La soirée se serait probablement achevée dans une belle entente européenne et dans des baisers fraternels si le diable n’avait pas poussé le fiancé éméché d’Inès à mentionner une fois de plus dans son toast le grand ami russe qui pourrait élargir la minuscule Europe au lointain Oural.
À l’évocation du grand ami russe , Willi le Long réagit comme un taureau sous le nez duquel on aurait agité un drapeau rouge, et, en moins de cinq minutes, il changea la belle entente du Continent en une mêlée générale. La dispute ne cessa que lorsque Marco tira en l’air une rafale de son pistolet mitrailleur, qu’il avait sorti de la maison pendant la querelle.

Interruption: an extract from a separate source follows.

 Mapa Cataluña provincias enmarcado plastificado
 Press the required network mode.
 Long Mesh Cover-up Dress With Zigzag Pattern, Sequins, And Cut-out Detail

«Allez, au lit, avant que je ne sorte mon lance-roquettes!» commanda-t-il aux Européens brouillés.
Ils lui obéirent sans broncher et se dispersèrent dans les nombreuses chambrettes et alcôves, ramassant par terre au passage des figues délicieuses que Marco avait fait tomber de l’arbre avec ses balles. Le dernier à rentrer dans le «château» fut le Capitaine Carcasse, après avoir une fois de plus regardé le ciel étoilé et dit d’un air inquiet qu’avant le matin un orage éclaterait. Je refusai de le suivre, je voulais affronter les éléments, car il n’existait pas de tempête qui pouvait se mesurer avec celle qui, depuis le matin, ravageait mon âme. J’attendis qu’Ampère et Diuma se retirent dans leur canot, d’où, accompagnées d’un rire étouffé, surgirent rapidement deux jambes noires écartées, à l’instar d’un compas divin mesurant la distance entre l’étoile polaire et la Croix du Sud.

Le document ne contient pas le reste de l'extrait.